It has only been six months since the Chancellor last stepped up to the dispatch box to deliver a Budget. Much has changed in that time. Energy price rises, global supply chain issues, and rising demand, prompted by the easing of coronavirus restrictions have caused inflation to hit levels not seen in a decade. With inflation tends to come interest rate rises, and although the base rate is currently at historic lows of 0.1%, any change could affect consumer confidence.
Against this backdrop, though, the Chancellor presented an upbeat statement. The economy has rebounded, unemployment figures are down, and tax receipts are reportedly ahead of forecast. Rishi Sunak was, therefore, able to avoid having to unveil further tax increases, such as Capital Gains Tax (a perennial target of speculation) or Inheritance Tax. However, to some extent, the bad news had already been dealt with by last month’s announcement of a 1.25% National Insurance/dividend rate increase. Instead of tax rises, the Chancellor used his Budget statement to put forward a programme of spending increases and targeted tax cuts, with beer drinkers and business rates payers amongst the winners.
Here is a breakdown of the most important changes:
- The 1.25% Health and Social Care Levy will be introduced from 6 April 2022 via an increase to National Insurance Contributions, before becoming a freestanding levy from 6 April 2023.

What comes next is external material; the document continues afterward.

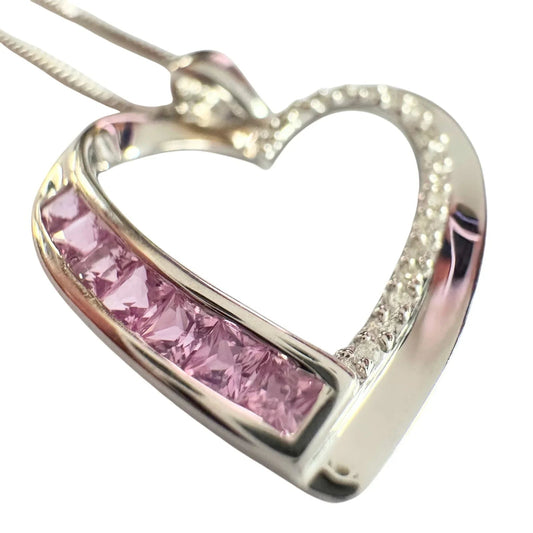 Pink & White Heart Necklace with Lab Created Sapphires - Sterling Silver - Unbranded - Necklace with Pendant - A+ Stuff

- Dividend tax rates will be increased by 1.25%. The basic rate dividend tax will increase to 8.75%, the higher rate dividend tax will increase to 33.75% and the additional rate dividend tax will increase to 39.35%. No increases or changes to the main or savings income tax rates and income tax limits and personal allowance will remain at their current level until April 2026.
- No increases to Capital Gains Tax and Inheritance Tax rates or allowances. No changes to reliefs, including Agricultural Property Relief or Business Property Relief.
- The 30-day time limit for reporting Capital Gains Tax on the sale of residential property and for payment of the tax has been increased to 60 days from Budget Day.
- The taper rate in Universal Credit will reduce from 63p to 55p and Work Allowance will increase to £500.
- National Living Wage will increase to £9.50 an hour from 6 April 2022.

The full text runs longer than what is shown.